Amplifying Women’s Congressional Power
Originally published in Ms. Magazine by Bonnie Stabile
Dr. Maya Kornberg has spent a lot of time thinking about congressional committees and the role they play in the way legislatures do business. I spoke with her after the publication of her Newsweek op-ed earlier this year in which she elaborated on the fact that, since the 118th U.S. Congress convened in January, men named “Mike” now outnumber women two-to-one among committee chairs. The piece pushes past the truism that women are underrepresented in Congress to underscore the point that, once elected, they are even more significantly underpowered.
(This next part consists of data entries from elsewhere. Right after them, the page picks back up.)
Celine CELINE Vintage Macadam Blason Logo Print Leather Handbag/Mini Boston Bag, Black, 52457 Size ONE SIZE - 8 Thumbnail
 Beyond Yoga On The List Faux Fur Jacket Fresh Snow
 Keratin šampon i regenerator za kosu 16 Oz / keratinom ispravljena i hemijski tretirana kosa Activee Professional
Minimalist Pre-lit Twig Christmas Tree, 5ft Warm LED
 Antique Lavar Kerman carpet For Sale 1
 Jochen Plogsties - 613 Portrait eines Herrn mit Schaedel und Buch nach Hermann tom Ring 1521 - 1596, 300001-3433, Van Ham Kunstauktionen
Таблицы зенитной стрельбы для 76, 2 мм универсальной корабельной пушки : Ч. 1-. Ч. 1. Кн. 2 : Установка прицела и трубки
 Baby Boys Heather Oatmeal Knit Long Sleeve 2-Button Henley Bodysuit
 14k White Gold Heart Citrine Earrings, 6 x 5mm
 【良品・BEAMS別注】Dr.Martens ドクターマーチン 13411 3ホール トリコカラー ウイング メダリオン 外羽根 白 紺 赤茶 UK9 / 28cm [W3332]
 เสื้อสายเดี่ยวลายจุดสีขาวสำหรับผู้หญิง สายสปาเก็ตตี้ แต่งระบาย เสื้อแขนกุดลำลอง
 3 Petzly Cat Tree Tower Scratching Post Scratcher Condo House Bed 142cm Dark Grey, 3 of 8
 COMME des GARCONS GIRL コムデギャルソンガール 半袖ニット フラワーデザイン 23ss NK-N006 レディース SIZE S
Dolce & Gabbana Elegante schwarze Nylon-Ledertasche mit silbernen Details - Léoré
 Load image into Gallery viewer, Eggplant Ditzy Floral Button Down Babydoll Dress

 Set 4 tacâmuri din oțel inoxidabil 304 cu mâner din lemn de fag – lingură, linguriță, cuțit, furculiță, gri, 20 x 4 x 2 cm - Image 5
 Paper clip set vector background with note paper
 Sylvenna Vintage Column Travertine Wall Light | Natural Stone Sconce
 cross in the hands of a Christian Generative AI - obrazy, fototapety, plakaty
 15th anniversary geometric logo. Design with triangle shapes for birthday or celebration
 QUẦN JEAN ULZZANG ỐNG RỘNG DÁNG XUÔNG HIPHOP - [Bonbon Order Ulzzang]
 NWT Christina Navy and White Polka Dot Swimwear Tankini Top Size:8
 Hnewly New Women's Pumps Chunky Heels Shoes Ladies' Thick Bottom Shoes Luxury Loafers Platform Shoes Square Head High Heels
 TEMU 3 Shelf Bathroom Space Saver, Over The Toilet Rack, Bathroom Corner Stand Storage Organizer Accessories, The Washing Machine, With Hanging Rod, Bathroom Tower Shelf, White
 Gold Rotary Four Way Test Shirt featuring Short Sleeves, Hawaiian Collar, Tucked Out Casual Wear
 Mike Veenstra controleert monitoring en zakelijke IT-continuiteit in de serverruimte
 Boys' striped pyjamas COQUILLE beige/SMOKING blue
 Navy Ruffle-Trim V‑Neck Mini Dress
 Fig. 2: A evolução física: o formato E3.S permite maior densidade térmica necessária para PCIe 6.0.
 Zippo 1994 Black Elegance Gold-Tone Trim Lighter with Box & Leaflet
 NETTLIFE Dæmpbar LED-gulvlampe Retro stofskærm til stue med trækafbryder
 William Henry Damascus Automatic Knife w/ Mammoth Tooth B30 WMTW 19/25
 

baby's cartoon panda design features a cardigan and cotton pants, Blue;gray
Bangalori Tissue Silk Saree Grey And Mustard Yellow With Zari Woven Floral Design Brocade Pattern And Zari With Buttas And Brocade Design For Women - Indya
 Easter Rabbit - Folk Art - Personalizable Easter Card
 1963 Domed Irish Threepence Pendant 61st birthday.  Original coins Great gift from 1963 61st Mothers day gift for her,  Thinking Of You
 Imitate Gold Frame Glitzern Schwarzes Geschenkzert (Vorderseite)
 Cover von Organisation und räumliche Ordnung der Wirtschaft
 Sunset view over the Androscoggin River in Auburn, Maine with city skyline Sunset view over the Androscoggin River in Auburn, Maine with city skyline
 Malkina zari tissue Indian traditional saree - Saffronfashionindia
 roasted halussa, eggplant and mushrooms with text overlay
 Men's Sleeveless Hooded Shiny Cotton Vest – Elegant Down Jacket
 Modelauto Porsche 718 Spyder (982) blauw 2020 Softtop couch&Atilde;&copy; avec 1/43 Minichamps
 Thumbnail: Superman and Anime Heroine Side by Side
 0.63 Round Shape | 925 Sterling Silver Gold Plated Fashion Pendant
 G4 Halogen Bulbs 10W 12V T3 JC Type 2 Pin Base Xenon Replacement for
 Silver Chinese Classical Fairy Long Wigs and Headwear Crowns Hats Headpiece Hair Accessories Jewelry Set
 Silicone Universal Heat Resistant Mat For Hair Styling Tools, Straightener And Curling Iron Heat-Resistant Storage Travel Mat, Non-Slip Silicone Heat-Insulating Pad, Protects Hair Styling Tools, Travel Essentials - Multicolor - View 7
As a political scientist and research fellow in the Elections and Government Program at the Brennan Center for Justice, Kornberg aims to use research “to advocate for making things more equitable and more democratic” as part of a reform-minded process. Just one intentional downstream effect of this broad research agenda is to enhance women’s influence in public life through advanced understanding, so that when women have a seat at the proverbial table—or on a congressional committee—they have a better chance of sitting at the head of it.
“Committees tell us a lot about the dynamics of power,” Kornberg said, both “between party leadership and individual members” and a broader story about identity and gender, including who wields and “who is left out of power.”
Though she did not undertake her recently published book, Inside Congressional Committees: Function and Dysfunction in Lawmaking, with an explicit focus on gender and American legislative policymaking, the story of women’s relative power in Congress was one of many stories that emerged through that inquiry. Given the historical and political context, “I think that all political science work is looking at stories that are gendered and racialized… there is always a good reason to be applying a gender angle.”
Looking at committees in the United States and abroad, Kornberg has found a clear pattern: Even as women’s representation advances, their influence is blunted by persisting underrepresentation—not only in legislative bodies overall, but in the paucity of key committee leadership roles they occupy once they hold congressional office relative to their numbers in the Chamber.